Winter nights are best for stargazing. The dark comes on early, and the air--if bitter--is beautifully clear. Often, if I happen to be outside for a moment on a cloudless winter evening, I stop to greet a few old friends--the sweeping Big Dipper, the jagged Cassiopeia, the faint but distinctive Pleiades, and marching over all, the majestic Orion. They're not much compared to the grandeur of the Milky Way, but considering that I live in a Chicago suburb, I just take what I can get.

On that note I'd like to pull out a Robert Frost poem concerning stars. "Choose Something Like a Star" is one of the final pieces in Frost's Complete Poems 1949. It's one of his more metaphorically profound poems (and Frost is really, really good at being metaphorically profound), and, I think, a particularly pointed reminder to us as Christians and American citizens. Read away.
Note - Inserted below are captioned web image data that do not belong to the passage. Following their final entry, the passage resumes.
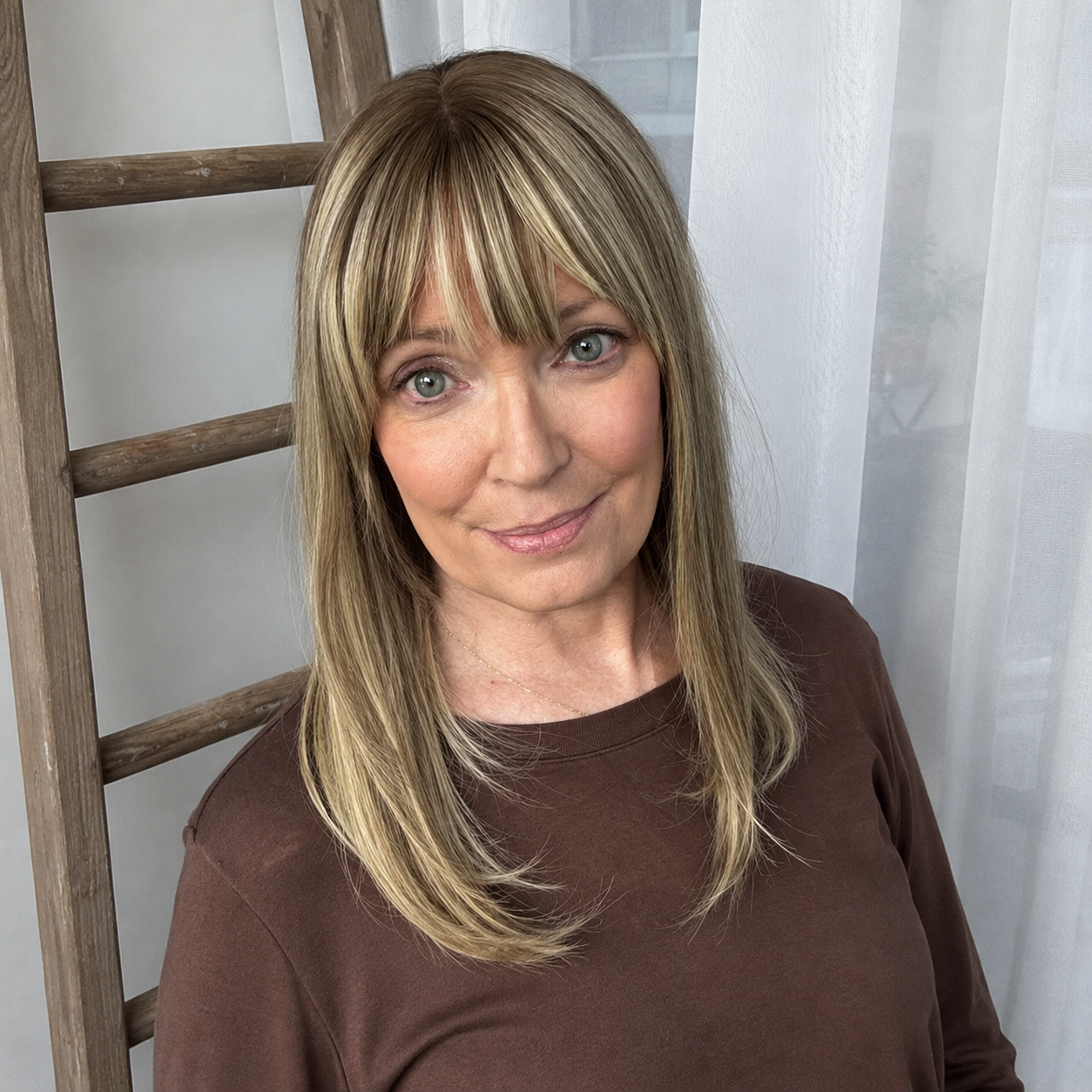 🔥🔥Human Hair Topper with Bangs | Hair Piece for Thinning Hair
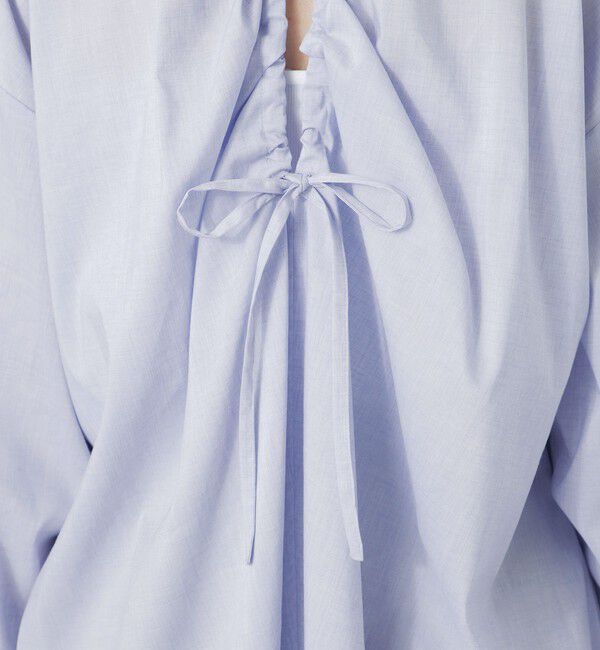  「リネンミックスギャザーブラウス」|シャツ・ブラウス|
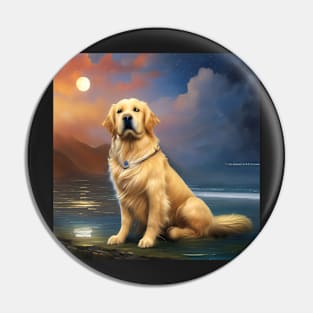 Cute Golden Retriever Pin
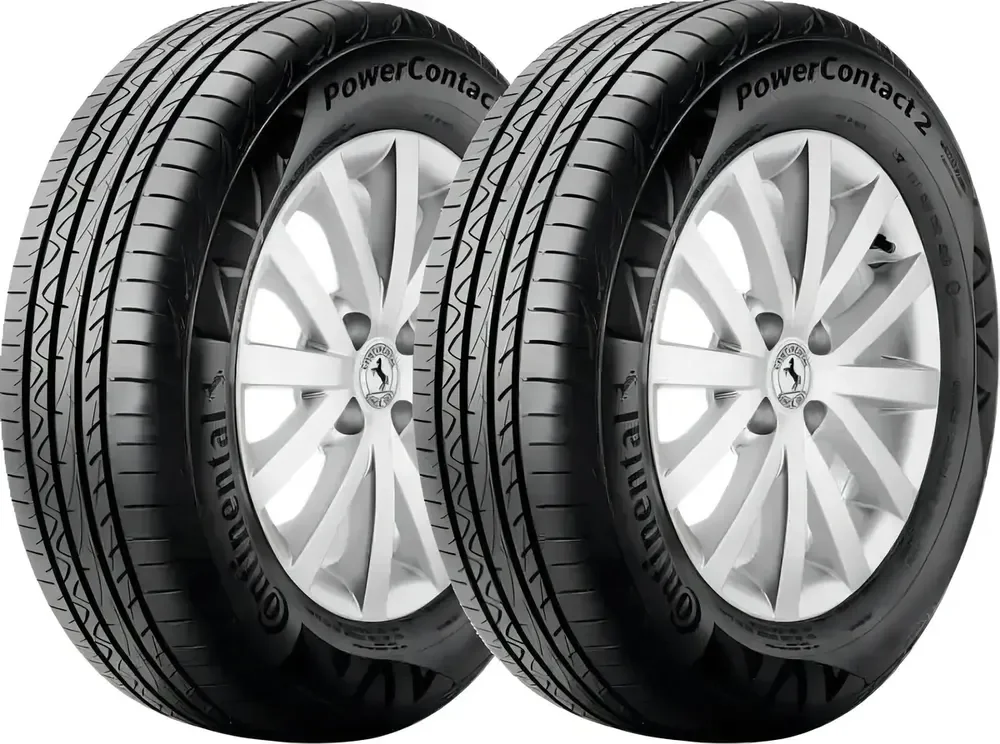 Kit 2 Pneus 205/55R16 Continental PowerContact 2 91V Aro 16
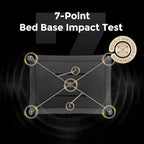 Pamo Babe 1-Second Setup 5-in-1 Playard for Babies - Heavy-Duty Steel Frame for Safe Sleep Space, Portable Crib with Zip Door & Changing Table, Locking Wheels, Breathable Mesh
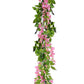 4Pcs Artificial Silk Wisteria Vine Hanging Garland 1.8 m for Home and Garden Decoration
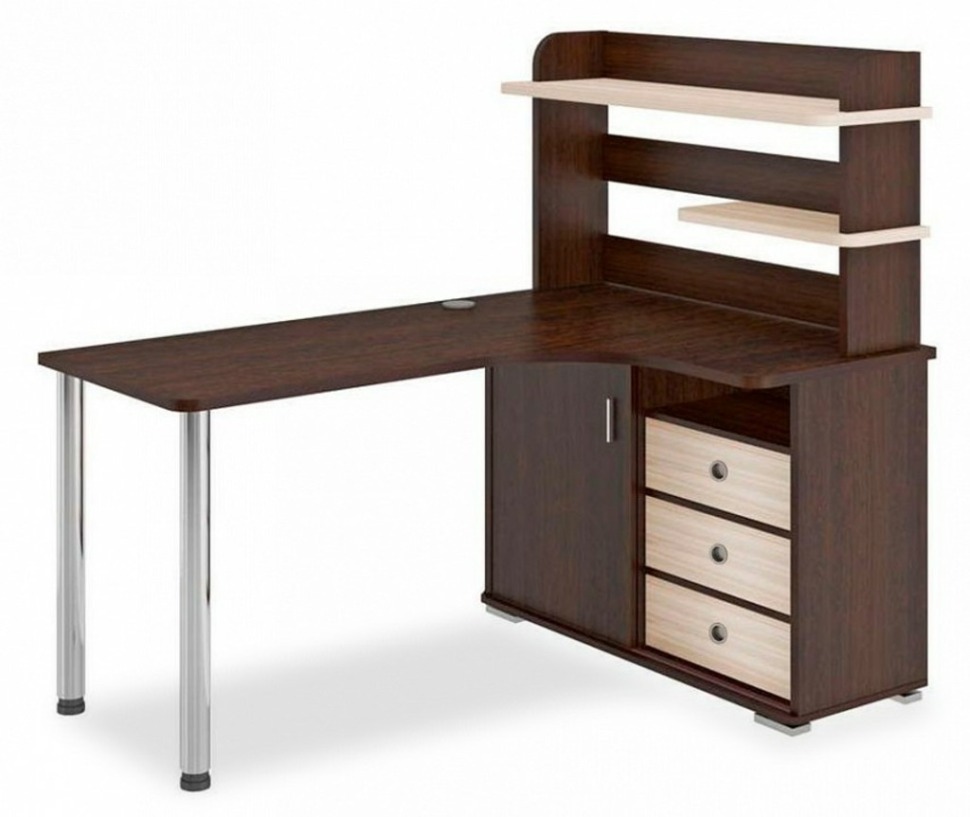 Фото Стол компьютерный Домино СР-165М MER_SR-165M_VKV-PRAV - интернет-магазин МегаТерем в Москве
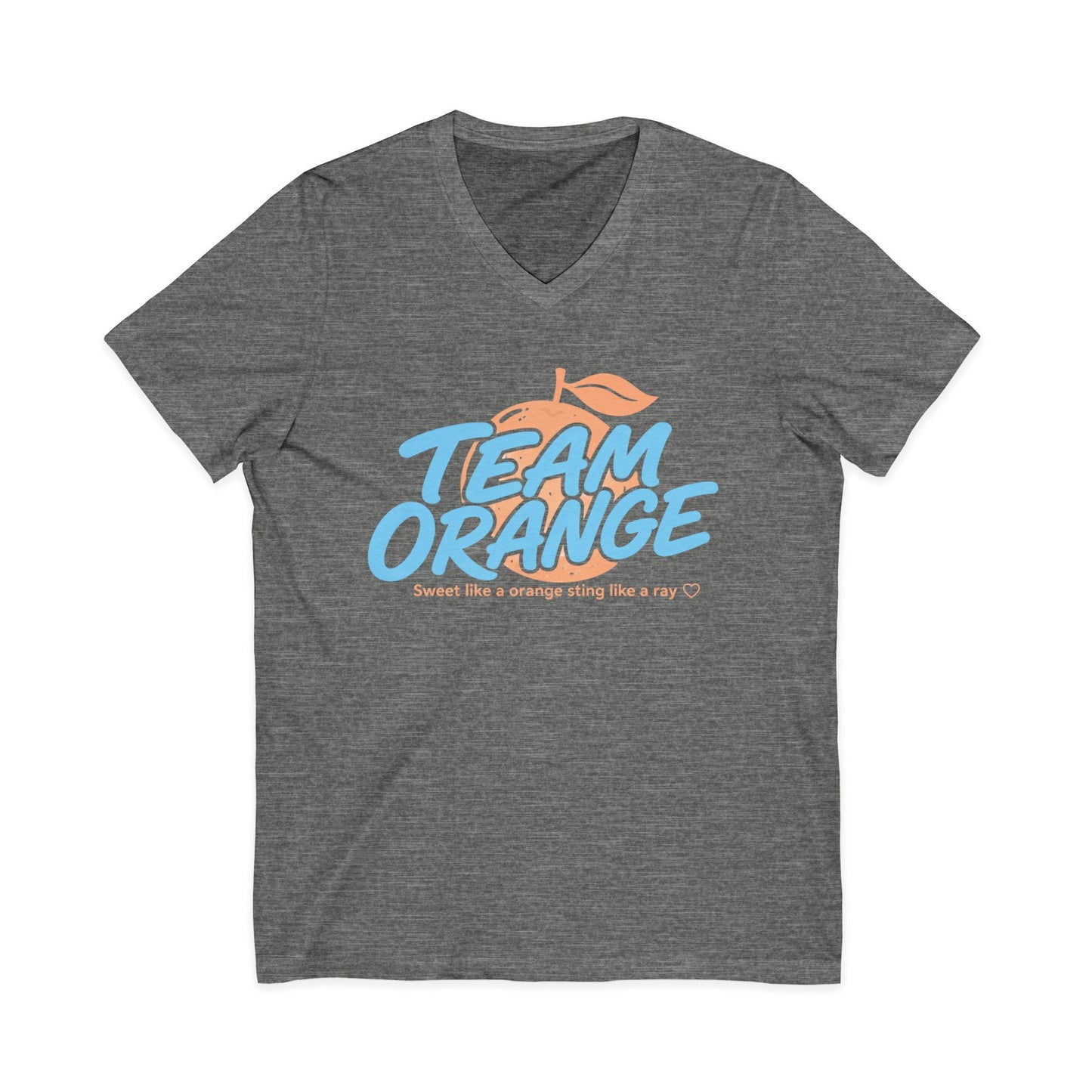 Tribute team orange Jersey Short Sleeve V-Neck Tee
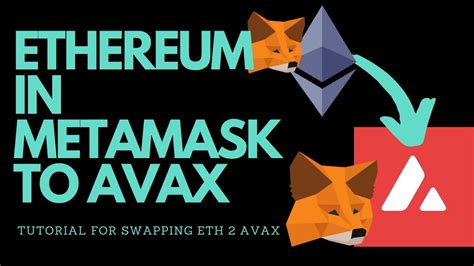 How to swap eth for avax metamask. .  ...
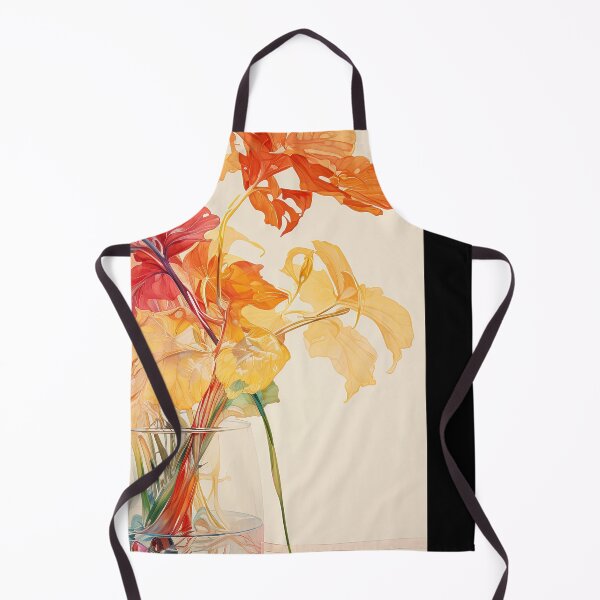 Item preview, Modern Realistic Japanese Painting of Colorful Flowers in a Vase designed and sold by regnumsaturni.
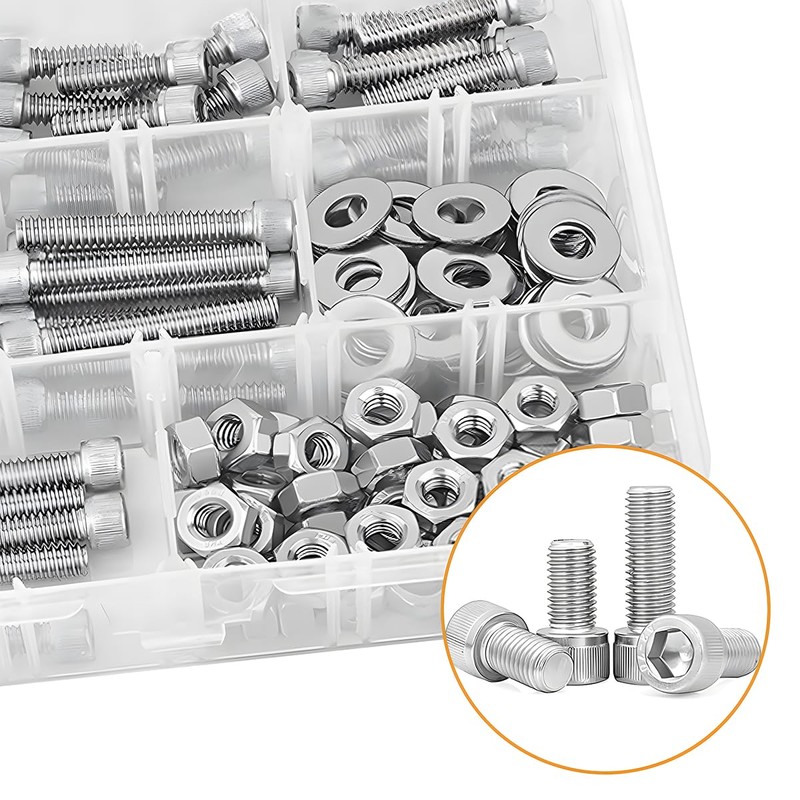 JNNJ Pack of 175 Car Cylinder Screws with Hexagon Socket,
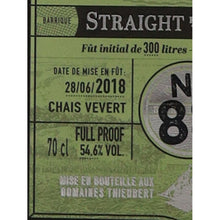 Load image into Gallery viewer, Neisson Straight from the Barrel 2018 No. 88 54.6% - 2018 volume and abv label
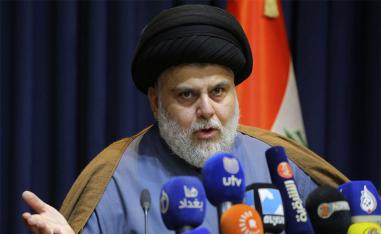 Powerful Iraqi cleric Moqtada al-Sadr 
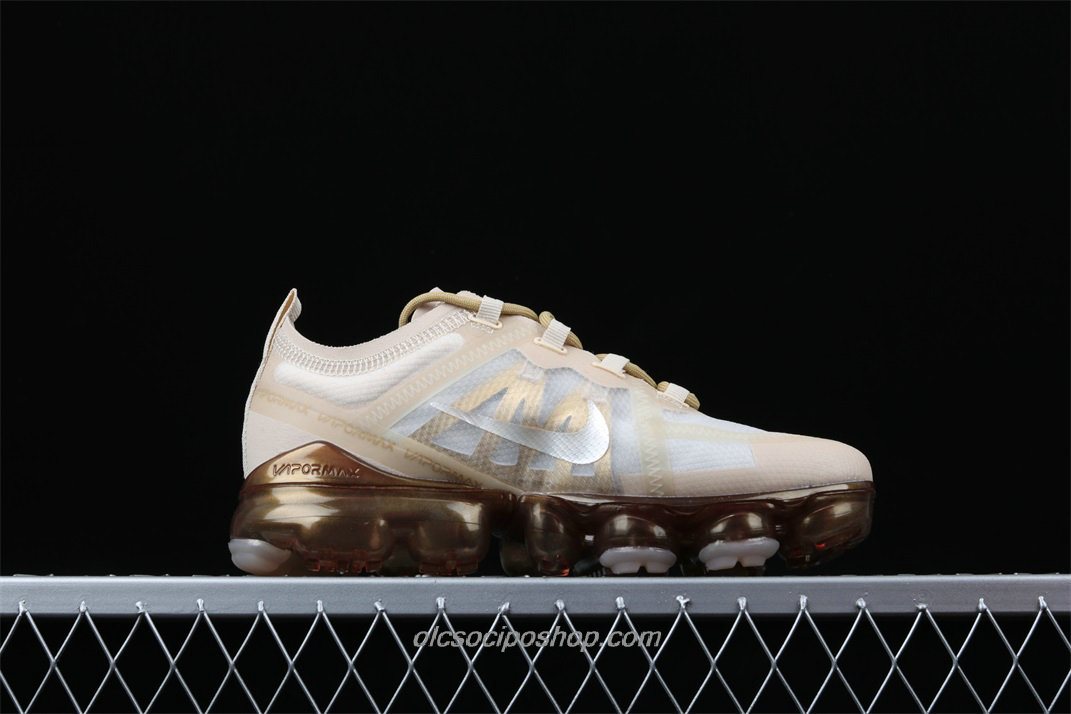 Női Nike Air VaporMax 2019 Fehér/Bézs/Barna Cipők (AR6632 101)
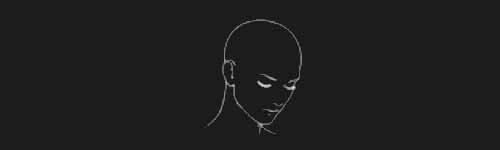 Turn Left Down brush stroke preview from Female Head Base for Procreate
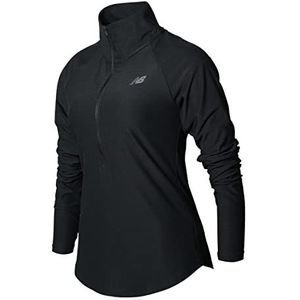 New Balance Sport Spacedye shirt met halve rits, Dames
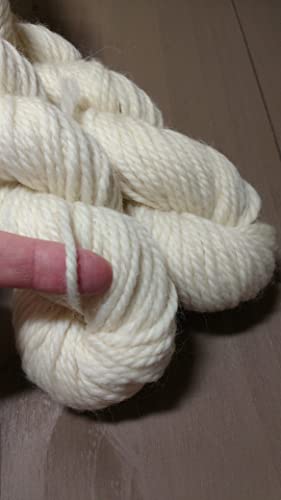 Undyed Bulky Yarn 100% Superwash Merino Ecru For Dyeing Knitting Crochet #TOP1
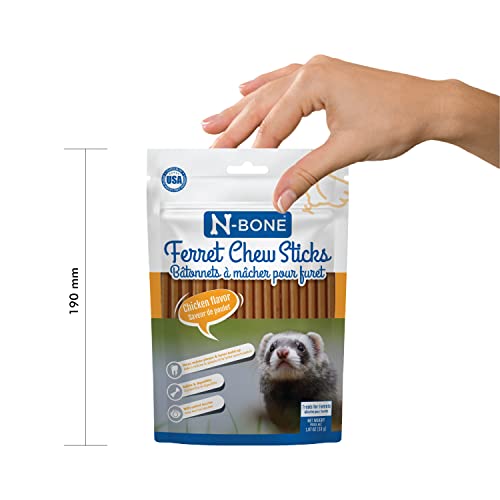 N-Bone Ferret Chew Sticks Chicken Flavor, 1.87-oz bag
Choose Something Like a Star
By Robert Frost
 
O Star (the fairest one in sight),
We grant your loftiness the right
To some obscurity of cloud--
It will not do to say of night,
Since dark is what brings out your light.
Some mystery becomes the proud.
But to be wholly taciturn
In your reserve is not allowed.
Say something to us we can learn
By heart and when alone repeat.
Say something! And it says, 'I burn.'
But say with what degree of heat.
Talk Fahrenheit, talk Centigrade.
Use language we can comprehend.
Tell us what elements you blend.
It gives us strangely little aid,
But does tell something in the end.
And steadfast as Keats' Eremite,
Not even stooping from its sphere,
It asks a little of us here.
It asks of us a certain height,
So when at times the mob is swayed
To carry praise or blame too far,
We may choose something like a star
To stay our minds on and be staid.
 
Let me say it outright. I think the entire poem is one long metaphorical reflection on faith in God. However, the metaphor is gorgeously layered. Take a look at the first three lines from this angle:
 
O Star (the fairest one in sight),
We grant your loftiness the right
To some obscurity of cloud--
 
To me this comes across quite clearly as an appeal to a Divine Being. I.e., "Dear God, you are so infinitely greater than our human minds, that we admit we can't understand you fully. So go ahead--be a little mysterious." Of course, "we" don't stop there. We'd like a word or two of guidance:
 
But to be wholly taciturn
In your reserve is not allowed.
Say something to us we can learn
By heart and when alone repeat.
Say something! And it says, 'I burn.'
 

The cryptic poignancy of that response echoes the scene of Moses and the burning bush. Indeed, since it is a star that is speaking, "I burn" seems a similar statement of essence to the Lord's "I AM"--in poetic terms, of course. But "I burn" also carries the meaning, "I desire." Desire what? It's no wonder we're a little confused:
 
...And it says, 'I burn.'
But say with what degree of heat.
Talk Fahrenheit, talk Centigrade.
Use language we can comprehend.
Tell us what elements you blend.
 
Here, on the surface, Frost contrasts the poet's understanding of the star with the scientist's. The scientist wants something to measure; Frost makes it clear this star's meaning is immeasurable. The line of thought is the same if the star represents God. God's existence cannot be explained (or unexplained) by time- and matter-bound measurements. Not that He is irrational--rather, He is rational and more. The next lines give us a hint of this.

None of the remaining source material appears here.